Theatre in Los Angeles, California, USA

The Wadsworth Theatre, a historic live theater, is located in the Sawtelle community of West Los Angeles, California, within the 388-acre West Los Angeles Department of Veterans Affairs complex. Situated on Eisenhower Avenue in Building 226, the theater is part of the historic Sawtelle Veterans Home, nestled between Wilshire Boulevard and San Vicente Boulevard on the east side of Brentwood.

Constructed in 1939, the Wadsworth Theatre was initially reported by the Los Angeles Times as a $162,000, designed to seat 1,500 people . The theater, built on the grounds of the Soldiers' Home at Sawtelle, served as a venue for theatrical productions and movies for veterans. Architecturally, it embodies the Mission Revival style, as listed on The National Register of Historic Places.

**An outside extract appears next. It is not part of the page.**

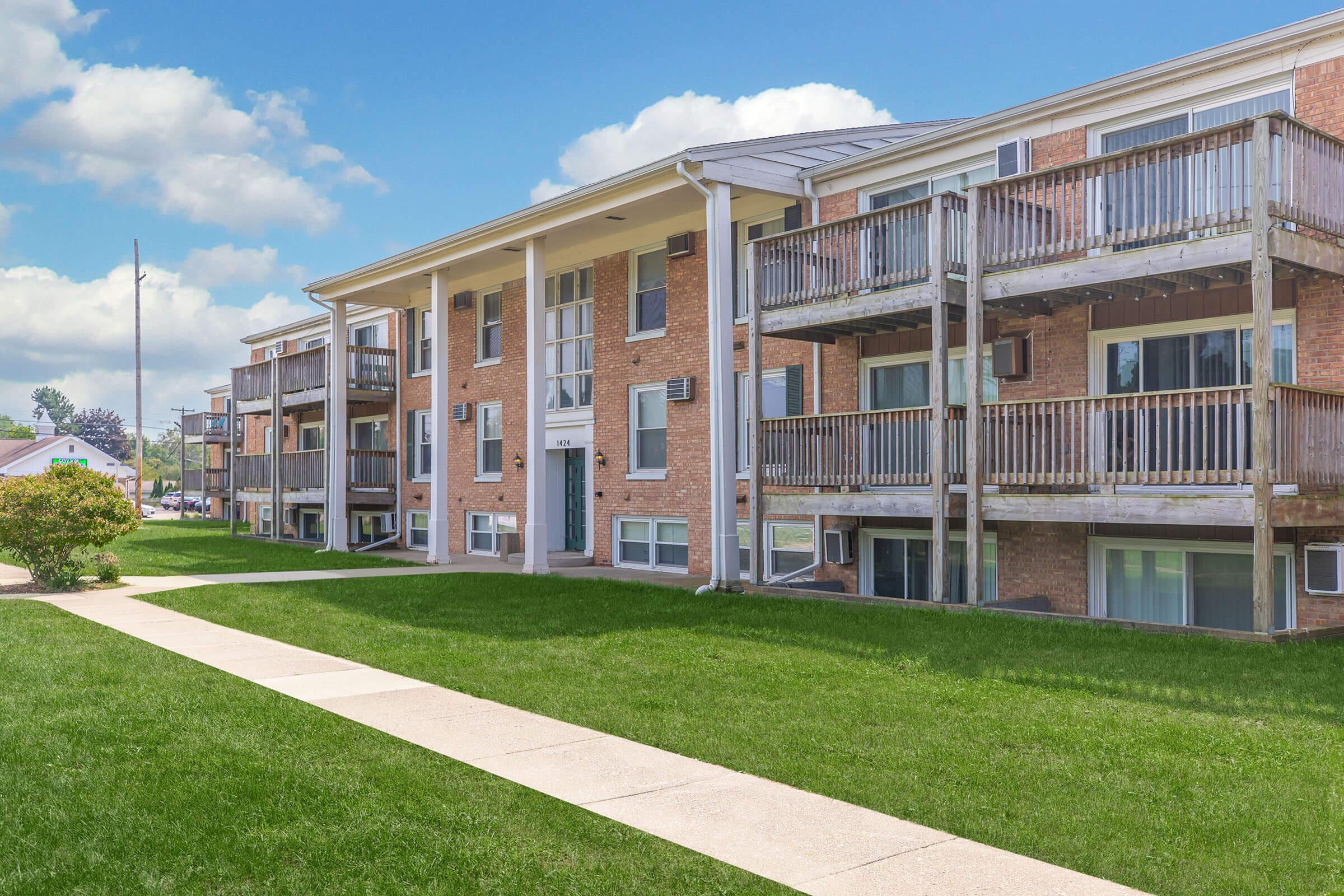 A multi-unit residential building with multiple balconies and large windows, set against a clear blue sky. The building is surrounded by well-maintained green grass and a concrete walkway leading to the entrance.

In 1976, the theater was named after Maj. James W. Wadsworth, a Civil War officer and advocate for disabled veterans. Over the years, the Wadsworth Theatre has hosted various notable film events, including a 1983 presentation of the classic film "The Passion of Joan of Arc," a 1984 Esther Williams retrospective, and a 1985 screening of "Spies Like Us" featuring appearances by Dan Akroyd and Chevy Chase. In 2000, Woody Allen made a rare public appearance for the screening of his film, Small Time Crooks.

In March 1992, the LA Times reported on a controversy involving the theater, which was being leased by UCLA at the time. A planned screening of the comedy satire "Article 99" faced opposition from the hospital, as the plot centered around a doctor-patient revolt in a veterans hospital. Due to concerns about the film's impact on psychiatric patients, the screening was eventually moved to UCLA's Royce Hall.

Today, the Wadsworth Theatre, operated by Richmark Entertainment, presents Broadway productions and other live events. Following an extensive renovation in 2002, which reduced seating capacity to 942, the theater has continued to host various Broadway shows, musical concerts, film premieres, and live theatrical productions. Since 2009, the annual Streamy Awards have also been held at the Wadsworth Theatre.